● Work required: Word for word, retype the lines from the one containing "INCISIONS FOR OPEN" to the one containing "Wisdom Teeth Surgery" below, keeping both end lines and dropping the pictures.

-- Opening Marker --

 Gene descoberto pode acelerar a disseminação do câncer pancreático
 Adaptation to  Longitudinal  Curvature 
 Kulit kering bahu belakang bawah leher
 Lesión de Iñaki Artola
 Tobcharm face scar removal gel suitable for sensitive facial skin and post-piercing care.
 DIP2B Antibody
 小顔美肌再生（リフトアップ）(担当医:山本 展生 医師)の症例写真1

-- Closing Marker --
-- Opening Marker --

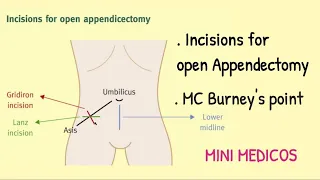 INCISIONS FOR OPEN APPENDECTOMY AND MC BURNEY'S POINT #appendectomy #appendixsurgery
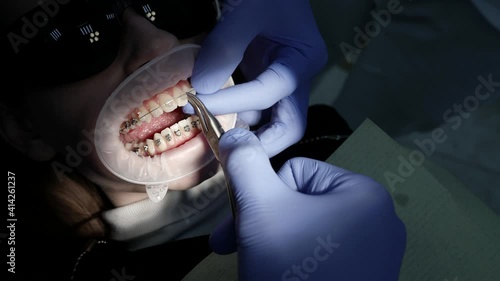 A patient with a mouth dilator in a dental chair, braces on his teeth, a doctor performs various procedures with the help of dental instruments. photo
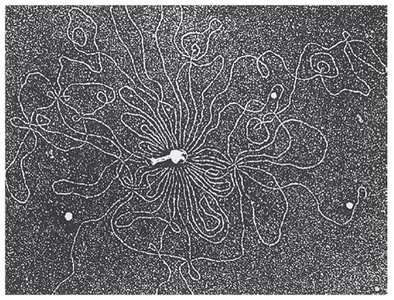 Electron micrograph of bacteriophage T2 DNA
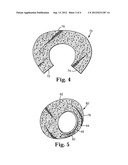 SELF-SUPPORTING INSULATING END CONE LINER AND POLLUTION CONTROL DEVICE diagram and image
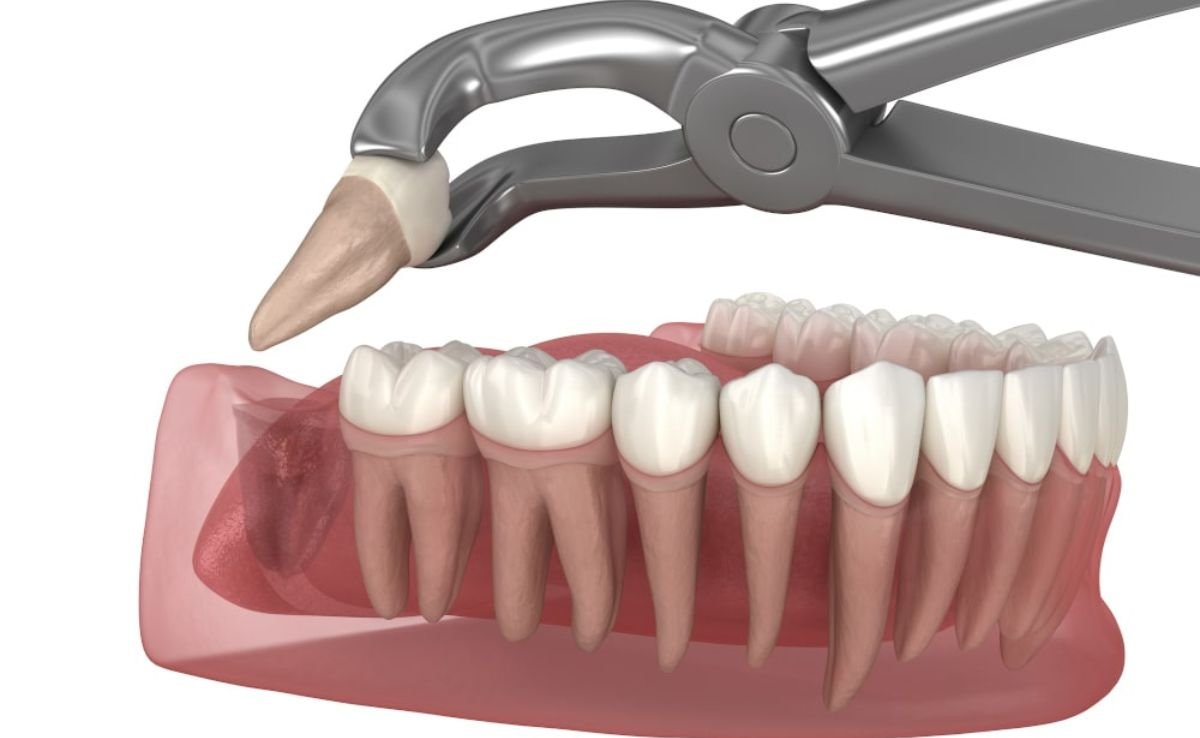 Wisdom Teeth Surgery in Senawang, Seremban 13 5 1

-- Closing Marker --

● Response:
 INCISIONS FOR OPEN APPENDECTOMY AND MC BURNEY'S POINT #appendectomy #appendixsurgery
 A patient with a mouth dilator in a dental chair, braces on his teeth, a doctor performs various procedures with the help of dental instruments. photo
 Electron micrograph of bacteriophage T2 DNA
 SELF-SUPPORTING INSULATING END CONE LINER AND POLLUTION CONTROL DEVICE diagram and image
 Wisdom Teeth Surgery in Senawang, Seremban 13 5 1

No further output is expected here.